In the large, consolidated environments that the DCX makes possible, the ability to assign separate administrative duties for an individual AD is also a great feature, because separation of duties facilitates independent domain updates and confines the impact of each change to that AD.
To prove that claim, I copied the same zone to two ADs, then assigned a different admin account to each. To create some traffic, I started Iometer on one host connected to the first domain. Next, to simulate a conflicting configuration change, I logged in as admin for the second domain and removed that host port from the zone.
Finally, I switched back to the host on the first domain: Iometer was still running, unaffected by the change made on the parallel AD.
Sharing devices across separate administrative domains is more likely to happen with storage targets than with host ports. However, the type of device shared by domains is irrelevant, because the principle is the same: Changes made on one administrative domain have no impact outside of its borders.
The last action item of my DCX evaluation was less spectacular, consisting simply of connecting a switch to the DCX and proving that the devices connected to that switch were readily available and usable in normal zones.
Usually connecting a switch to a fabric would be a rather boring and straightforward exercise, but the switch I had in mind was a McData 6140 working in native mode.
As McData customers know all too well, connecting McData switches in native mode to a Brocade fabric was not possible before Brocade's acquisition of McData.
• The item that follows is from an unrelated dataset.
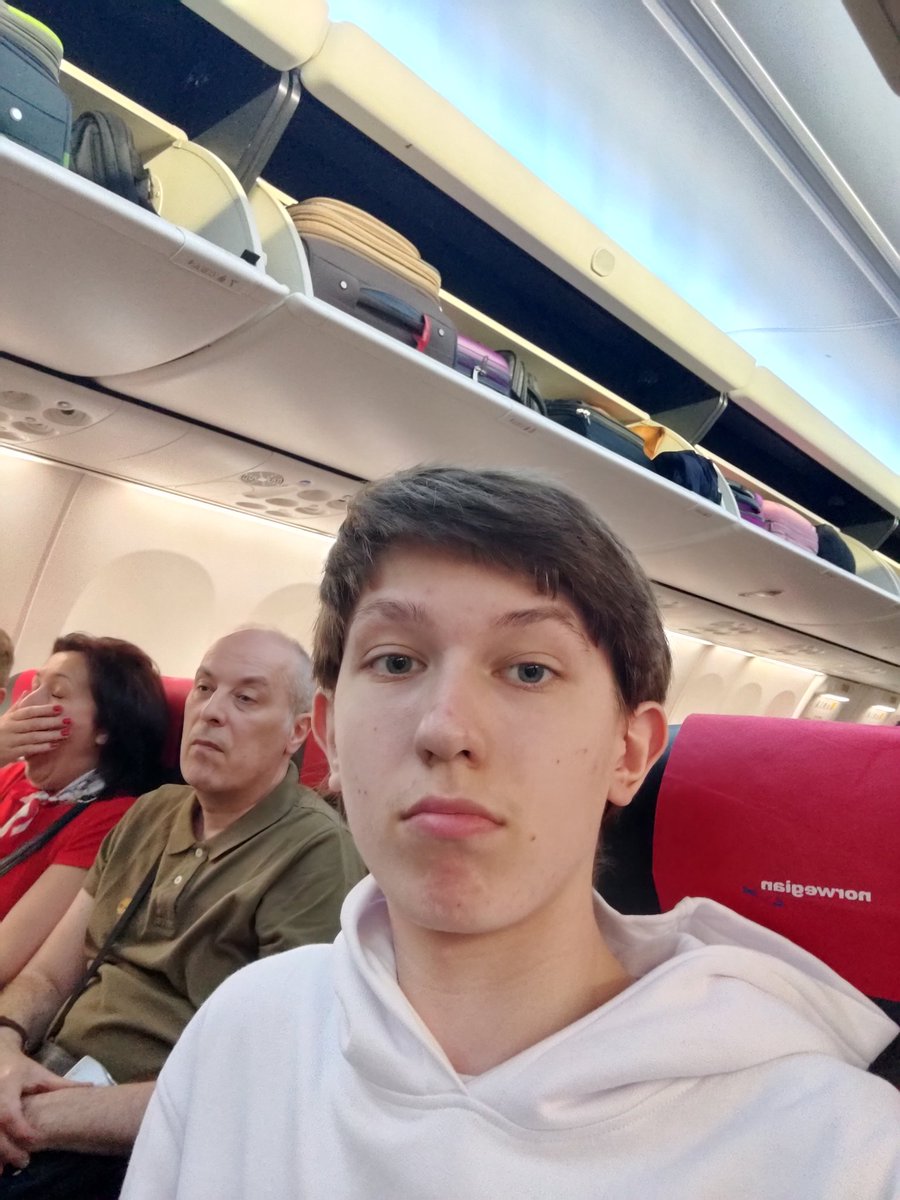 MalibucaFN's tweet photo. 🇸🇪🛫🛬🇷🇸 https://t.co/ujQia7IqnG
After seeing it work in practice, I am glad to say that it now can be done, at least for the 6140.
For details on which legacy devices are supported by the DCX, a good reference is the Brocade connectivity matrix.
Obviously there are some limitations when connecting legacy devices. For example, the old interoperability mode is now obsolete, replaced by two new modes: McData native (the mode I tested) and McData open. Further, according to Brocade those two modes work only when connecting devices running Fabric OS 6 and EOS 9.6.
Even with those limits, customers with McData-branded items should be in better shape regarding connectivity support than they were before the acquisition. However, note that features such as Top Talkers that query performance counters embedded in Brocade ASICs are not available for legacy devices.
The most difficult part of reviewing a complex product such as the DCX Backbone is deciding where to stop. In addition to being a fabric backbone, the DCX is a powerful switch. My evaluation skipped on some of the typical grinding you would challenge a switch with, in order to focus on the features that allow you to pull together a super-fabric of datacenter networks. So while the specs of the DCX are impressive both for performance and capacity, what I like most about the solution is the effort to bring more intelligence to the fabric.
As impressed as I was by my first experience with the DCX, it would be deceiving to think that future requirements would be satisfied by the cocktail of networking muscle and smart management tools that Brocade injected into this debut version. Nor is the shift in focus from storage fabric to datacenter network unique to Brocade. Cisco has been preaching the datacenter cult perhaps even longer than Brocade. Cisco's new switch targeting the datacenter, the Nexus 7000, released around the same time as the DCX, proves that Cisco is not conceding anything to Brocade.
In addition to faster connectivity -- for example, converging both native and Fibre Channel traffic on 40 Gigabit Ethernet and 100 Gigabit Ethernet via FCoE (Fibre Channel over Ethernet) -- the challenge ahead for these megahubs includes becoming good virtualization mates, offering more networking services such as encryption, and becoming easier to tame and control via policy management and ever more sophisticated rules. The rate limiting, QoS capability, and the initial, rudimentary attempt at enforcing security from the fabric are a promising beginning, but I can't help thinking that those features are -- must be -- only a first step, and that the best of the DCX intelligence is yet to come.